More simplified? Haha. Just look at the discussions on the domain forums. There is mass confusion about the new commission rates.
It wasn’t long ago that GoDaddy commissions were 5%, then it went up to 10%, now it’s 20%. GoDaddy is getting too greedy. Plain and simple. The new rates are more expensive for the majority of the transactions.
This is bad for the domain industry.
It may take time, but this gives a competitor an opportunity to come in and do things right.
I think it’s more simplified compared to the various commission rates before.
It might be a bit more complicated to figure out commission rates by hand now, but the same can be said for other services that use a tiered commission structure (like many escrow services).
One thing that would be helpful would be a commission fee calculator so you can easily see the fee by entering in the sale price.
This is the perfect, simple and easy solution to end any confusion related to the cost of selling a domain name.
An inline commission calculator is planned as a release in the next few months.
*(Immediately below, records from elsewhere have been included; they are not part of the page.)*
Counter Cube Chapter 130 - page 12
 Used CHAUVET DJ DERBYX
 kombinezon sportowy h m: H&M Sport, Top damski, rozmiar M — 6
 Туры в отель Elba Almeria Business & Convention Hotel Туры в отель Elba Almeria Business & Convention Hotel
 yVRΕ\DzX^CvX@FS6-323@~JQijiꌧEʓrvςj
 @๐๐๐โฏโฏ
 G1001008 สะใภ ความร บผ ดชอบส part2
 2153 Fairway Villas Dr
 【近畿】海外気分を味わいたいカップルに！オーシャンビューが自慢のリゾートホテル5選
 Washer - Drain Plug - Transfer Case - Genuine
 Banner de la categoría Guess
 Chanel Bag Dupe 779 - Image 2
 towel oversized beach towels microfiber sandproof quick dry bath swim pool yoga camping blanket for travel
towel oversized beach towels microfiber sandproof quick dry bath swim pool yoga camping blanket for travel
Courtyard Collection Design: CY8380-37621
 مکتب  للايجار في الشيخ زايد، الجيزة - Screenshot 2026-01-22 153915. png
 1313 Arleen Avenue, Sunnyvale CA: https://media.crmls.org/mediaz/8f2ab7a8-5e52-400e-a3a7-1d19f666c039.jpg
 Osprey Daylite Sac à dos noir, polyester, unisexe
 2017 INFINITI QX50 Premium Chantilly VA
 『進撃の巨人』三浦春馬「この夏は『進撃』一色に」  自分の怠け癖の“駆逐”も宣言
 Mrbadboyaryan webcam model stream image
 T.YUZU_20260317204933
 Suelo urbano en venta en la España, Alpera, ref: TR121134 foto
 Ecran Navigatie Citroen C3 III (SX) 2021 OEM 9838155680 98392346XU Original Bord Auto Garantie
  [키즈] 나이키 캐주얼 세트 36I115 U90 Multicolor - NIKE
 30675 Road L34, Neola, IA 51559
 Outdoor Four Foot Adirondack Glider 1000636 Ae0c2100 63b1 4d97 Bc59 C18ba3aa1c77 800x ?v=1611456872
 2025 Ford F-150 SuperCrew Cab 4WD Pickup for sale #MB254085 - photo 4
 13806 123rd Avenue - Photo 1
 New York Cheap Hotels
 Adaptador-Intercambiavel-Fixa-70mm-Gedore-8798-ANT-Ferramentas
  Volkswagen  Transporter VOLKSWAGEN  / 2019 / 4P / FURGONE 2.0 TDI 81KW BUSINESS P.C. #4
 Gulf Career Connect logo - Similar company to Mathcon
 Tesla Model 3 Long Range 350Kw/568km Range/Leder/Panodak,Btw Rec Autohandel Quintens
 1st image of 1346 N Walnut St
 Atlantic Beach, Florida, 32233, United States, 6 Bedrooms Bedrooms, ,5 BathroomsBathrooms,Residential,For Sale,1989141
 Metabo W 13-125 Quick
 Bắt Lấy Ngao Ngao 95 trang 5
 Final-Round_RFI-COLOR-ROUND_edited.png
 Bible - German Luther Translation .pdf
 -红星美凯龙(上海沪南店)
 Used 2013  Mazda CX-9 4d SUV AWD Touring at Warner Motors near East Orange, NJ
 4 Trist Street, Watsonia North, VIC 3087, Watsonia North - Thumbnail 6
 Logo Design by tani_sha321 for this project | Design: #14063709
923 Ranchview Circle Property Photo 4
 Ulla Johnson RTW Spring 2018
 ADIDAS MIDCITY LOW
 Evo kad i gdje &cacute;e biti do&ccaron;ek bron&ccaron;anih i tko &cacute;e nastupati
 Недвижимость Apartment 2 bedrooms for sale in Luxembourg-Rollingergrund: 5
This will allow you to see your net sales amount in real time as you go through the process of listing your domain for sale in real time.
I agree this new commission structure is not as simple as a flat one but we did it in an effort to charge less money to the seller the higher the sale price goes.
Looks like the commission on a $60k sale is $7,500, or the same commission that you’d pay on DomainNameSales using their flat 12.5% commission. For higher priced sales, it would actually be cheaper to sell the domain through GoDaddy.
While 20% is high, part of that is going to pay for the Super Bowl commercials that brought your buyer to GoDaddy to begin with.
Here is where there is confusion and the service supplied.
If Afternic/Godaddy has to act as a sales negotiator, I agree the commission should be higher. Very few endusers will buy a domain which cost over $10k (possibly $5k) without speaking to someone.
However, if I am sending my traffic to a Afternic sales page with a BIN price (between $2k and $9k), why should I pay a premium commission for an automated transaction?
If anything, I am probably bringing a potential customer to Afternic and the customer probably will search Afternic database for a possible alternative.
Since, Escrow,com is now offering an automated transaction button, it would be smarter move for domainers to build individual sale pages so the domainer does not lose the transaction to another domain available thru Afternic.
Some sharp domainers are already doing that with success.
With the amount of brokerage firms within the industry, I feel that a 20% fee is a bit aggressive. Unlike the old days, the average domain owner today has a variety of options when selling a domain. Many professional brokers out there would gladly accept 5% less than GoDaddy.
But they don’t have the reach of GoDaddy…
I suppose that’s a valid point. However, I may argue that an experienced broker may be motivated to command a higher price than GoDaddy and find a better fit for both the buyer and the seller. GoDaddy certainly has the audience to sell domains quickly.
That’s probably accurate, but what broker is going to work on the names in the $1-5K range that sell without human assistance? I think that is a big draw.
True enough. I would definitely agree that for the majority of names that sell in that low bracket on GoDaddy, that it may be a no-brainer. However, on the flip side, a seller may not even realize that some of their 1-5k domains might actually be 7-15k names with the assistance of a broker, who’s willing to take a lower commission.